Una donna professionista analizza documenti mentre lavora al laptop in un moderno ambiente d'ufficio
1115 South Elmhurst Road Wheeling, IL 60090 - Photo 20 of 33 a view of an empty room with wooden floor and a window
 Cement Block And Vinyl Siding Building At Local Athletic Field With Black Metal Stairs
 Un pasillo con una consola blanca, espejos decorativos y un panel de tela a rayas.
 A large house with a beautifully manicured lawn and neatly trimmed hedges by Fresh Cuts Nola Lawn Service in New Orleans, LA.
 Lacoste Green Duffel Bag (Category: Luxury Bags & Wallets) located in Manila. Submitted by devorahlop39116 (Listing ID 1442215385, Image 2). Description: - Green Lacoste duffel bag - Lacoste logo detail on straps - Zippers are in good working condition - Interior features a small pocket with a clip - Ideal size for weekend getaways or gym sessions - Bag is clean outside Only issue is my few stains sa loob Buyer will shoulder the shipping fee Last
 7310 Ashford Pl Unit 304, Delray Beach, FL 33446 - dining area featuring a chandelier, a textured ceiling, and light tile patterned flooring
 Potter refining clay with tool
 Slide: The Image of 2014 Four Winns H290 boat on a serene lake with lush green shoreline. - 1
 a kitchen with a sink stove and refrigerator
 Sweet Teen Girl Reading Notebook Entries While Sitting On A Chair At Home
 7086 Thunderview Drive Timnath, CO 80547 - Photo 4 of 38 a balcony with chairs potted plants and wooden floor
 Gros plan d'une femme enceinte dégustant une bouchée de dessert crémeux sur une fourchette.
::::::::::
WORK TO BE COMPLETED:
Your answer should consist of all lines above that include the string "Image".

YOUR RESPONSE:
 Lacoste Green Duffel Bag (Category: Luxury Bags & Wallets) located in Manila. Submitted by devorahlop39116 (Listing ID 1442215385, Image 2). Description: - Green Lacoste duffel bag - Lacoste logo detail on straps - Zippers are in good working condition - Interior features a small pocket with a clip - Ideal size for weekend getaways or gym sessions - Bag is clean outside Only issue is my few stains sa loob Buyer will shoulder the shipping fee Last
 Slide: The Image of 2014 Four Winns H290 boat on a serene lake with lush green shoreline. - 1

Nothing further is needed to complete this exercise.